I was contacted recently by the Los Angeles Times, which had heard that the concept of expressed sequence tags (ESTs), essential to the human genome project, was developed in our laboratory. It is not generally known that we had described this development in 1983 in Nature1, preceding by many years the adaptation of the technique to the genome project2,3.

The genome project has important commercial applications. Still, I think it is essential for the community at large to appreciate that the development of the concept of ESTs and shotgun sequencing had nothing to do with commercial interests, but rather was motivated by our intellectual curiosity. The generosity and open-mindedness of the National Institutes of Health and Muscular Dystrophy Foundation enabled us to tackle the question with the spirit of ‘let's just do it and see what happens’.

In 1982, my laboratory was in the Department of Biology at Massachusetts Institute of Technology. DNA sequencing was a relatively new method developed along two different and independent lines by Walter Gilbert at Harvard and Fred Sanger at the MRC Laboratory in Cambridge, UK. We had started with the Maxam–Gilbert chemical method in the late 1970s, but we gradually incorporated Sanger's powerful dideoxy approach in the 1980s — now used almost exclusively in automated instruments.

Most people then were interested in obtaining sequences of individual genes or of a complementary (c)DNA copy of a single messenger (m)RNA. This was viewed as an enormous undertaking, and typically involved determining a partial sequence of the desired gene product (a protein), then making a degenerate oligonucleotide for hybridization and primer extension or reverse transcription. Eventually, a gene would be cloned and sequenced. Often, however, the degenerate primers did not yield anything useful because they cross-hybridized to spurious sequences.

The question we asked was as follows: what if we simply did random, shotgun sequencing of all expressed genes associated with a specific tissue? If we then translated these sequences into all six reading frames, we should pick up fragmentary amino-acid sequences associated with the proteins of that specific tissue. These would include known and unknown proteins. We would have to use a single primer that bound to all expressed sequences — the mRNAs. Because eukaryote mRNAs have ‘tails’ of polyadenylic acid (poly A) at their ends, a single primer of oligo deoxythymidylate (oligo dT) could be used. With this primer, we could reverse-transcribe the mRNA pool and thereby pick up sequences near the ends of those mRNAs. These were the expressed sequence tags (although we did not call them that then).

At the time this idea seemed a bit far-fetched. The only way we could know whether we were on the right track was if among the sequences we obtained were some that clearly coded for the proteins specific to the tissue we had used for the preparation of the cDNA. If we could see such sequences in our collection, then we would know that the many unassigned sequences were also relevant and coded for proteins that had yet to be discovered.

The approach succeeded beyond our wildest expectations. We prepared a cDNA library from rabbit muscle and did shotgun sequencing of randomly isolated clones. Altogether about 20,000 nucleotides were manually determined (a large number in that era). Among the clones we identified were coding sequences for 13 different muscle proteins, in addition to a new isotype of one protein (troponin T). This result gave us some confidence that, though some of the unassigned sequences might have arisen from artefacts, many of them undoubtedly encoded new proteins.

For many years we received requests for specific clones that people could use for their own purposes. (I had agreed with the editor of Nature before publication of the paper that we would freely distribute these clones.) Subsequently, the concept of ESTs and the strategy of shotgun sequencing were developed and expanded in the genome project2,3, and included its commercial applications.

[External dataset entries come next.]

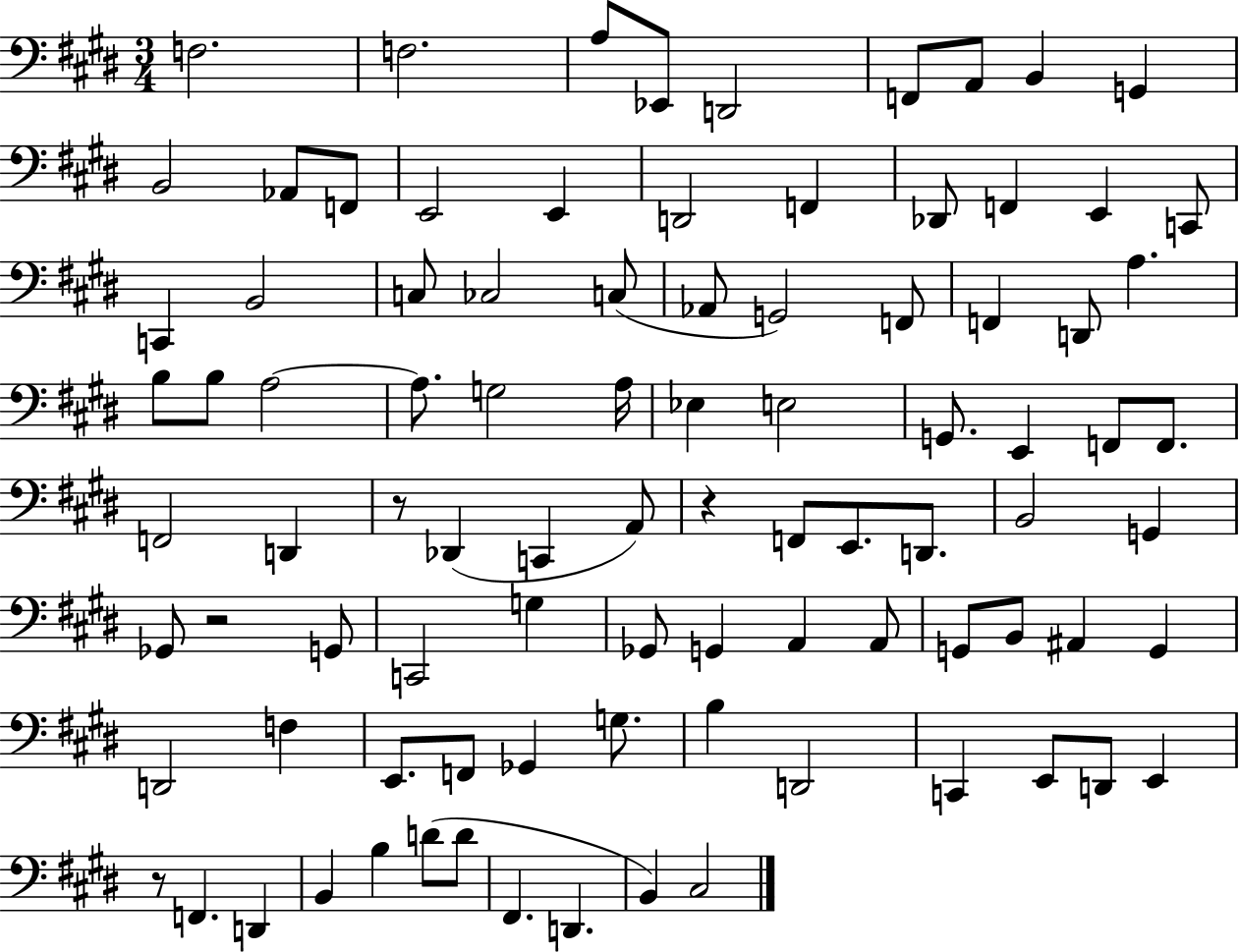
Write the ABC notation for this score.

X:1
T:Untitled
M:3/4
L:1/4
K:E
F,2 F,2 A,/2 _E,,/2 D,,2 F,,/2 A,,/2 B,, G,, B,,2 _A,,/2 F,,/2 E,,2 E,, D,,2 F,, _D,,/2 F,, E,, C,,/2 C,, B,,2 C,/2 _C,2 C,/2 _A,,/2 G,,2 F,,/2 F,, D,,/2 A, B,/2 B,/2 A,2 A,/2 G,2 A,/4 _E, E,2 G,,/2 E,, F,,/2 F,,/2 F,,2 D,, z/2 _D,, C,, A,,/2 z F,,/2 E,,/2 D,,/2 B,,2 G,, _G,,/2 z2 G,,/2 C,,2 G, _G,,/2 G,, A,, A,,/2 G,,/2 B,,/2 ^A,, G,, D,,2 F, E,,/2 F,,/2 _G,, G,/2 B, D,,2 C,, E,,/2 D,,/2 E,, z/2 F,, D,, B,, B, D/2 D/2 ^F,, D,, B,, ^C,2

I have long been a proponent of and participant in the biotechnology industry, although not with respect to the work described here. It should not be forgotten, however, that the origins of success for many biotechnology enterprises are in basic research sponsored by a government or charitable foundation. I believe that this is as it should be.

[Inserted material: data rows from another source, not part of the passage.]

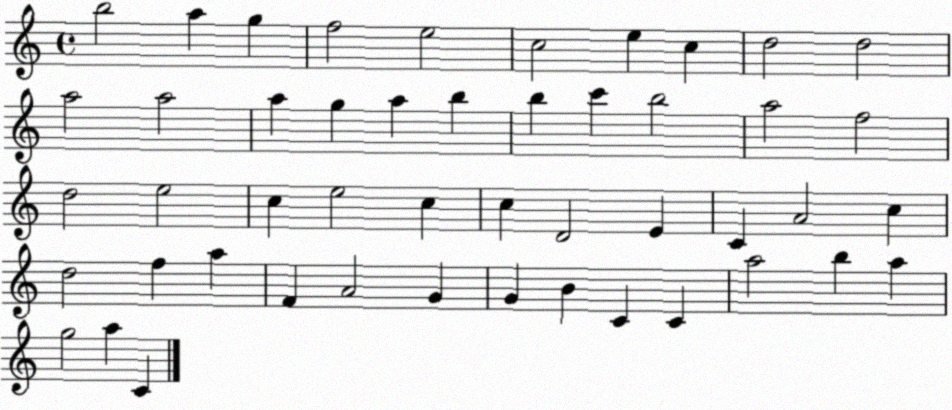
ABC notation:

X:1
T:Untitled
M:4/4
L:1/4
K:C
b2 a g f2 e2 c2 e c d2 d2 a2 a2 a g a b b c' b2 a2 f2 d2 e2 c e2 c c D2 E C A2 c d2 f a F A2 G G B C C a2 b a g2 a C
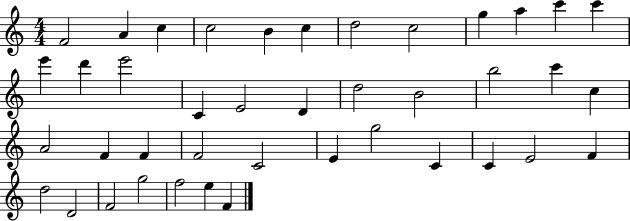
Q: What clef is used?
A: treble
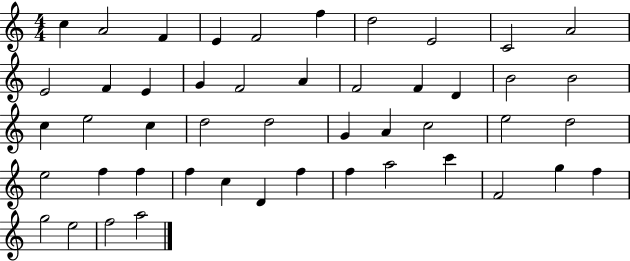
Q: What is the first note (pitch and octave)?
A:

But my fear is that the public at large may believe that private enterprise per se is sufficient to generate the discoveries and advances needed for the future. This is simply not true. Only the government and private charities have the capacity and vision to let an investigator pursue questions that come from his or her own natural curiosity. Eventually, the pursuit of pure curiosity bears fruit for society when new knowledge and concepts — such as ESTs and shotgun sequencing — are taken up by industry, where true applications can be financed.